◆ WHAT YOU WILL DO
Each line in the material below, starting at the one that contains "English Bee wins" and ending at the one that contains "Sauge blanche à brûler", should be repeated exactly; the pictures should not.

◆ EXERCISE DATA
—————

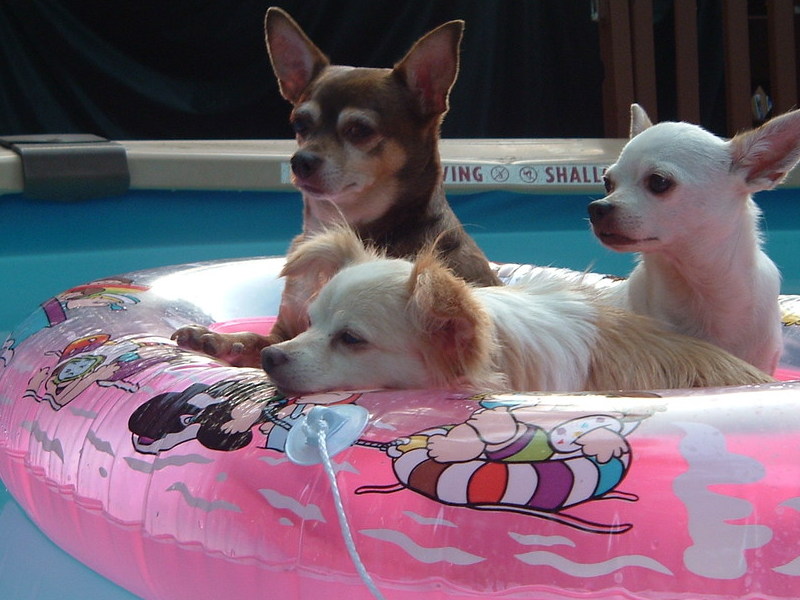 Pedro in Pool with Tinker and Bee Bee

—————

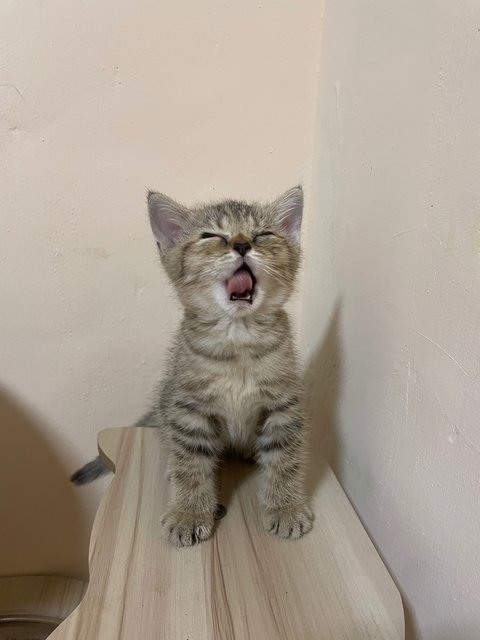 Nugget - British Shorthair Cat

—————

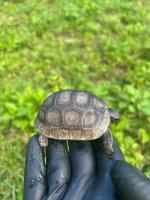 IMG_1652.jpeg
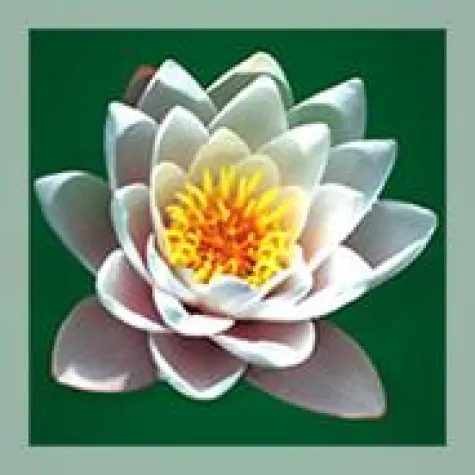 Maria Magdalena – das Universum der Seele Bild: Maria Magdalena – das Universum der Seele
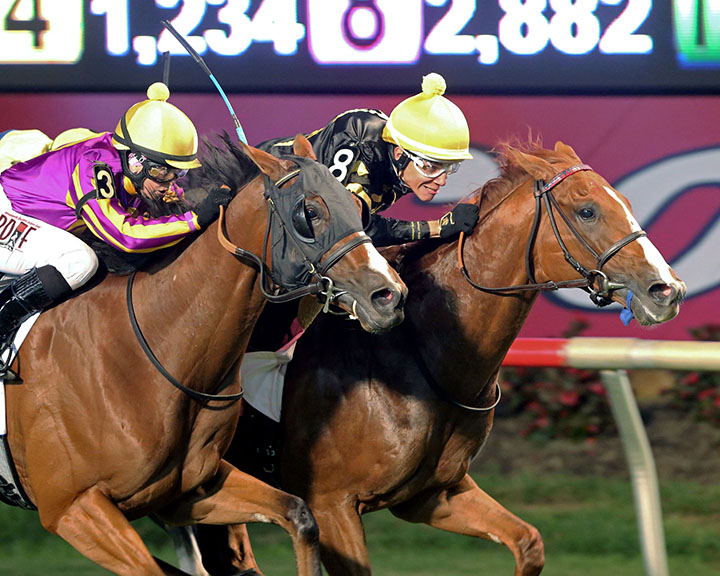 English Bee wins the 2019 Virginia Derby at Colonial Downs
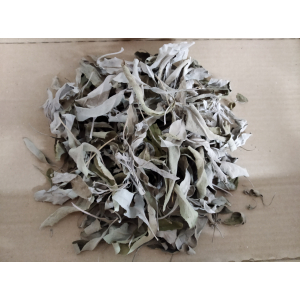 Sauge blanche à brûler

—————

◆ ANSWER SECTION
 English Bee wins the 2019 Virginia Derby at Colonial Downs
 Sauge blanche à brûler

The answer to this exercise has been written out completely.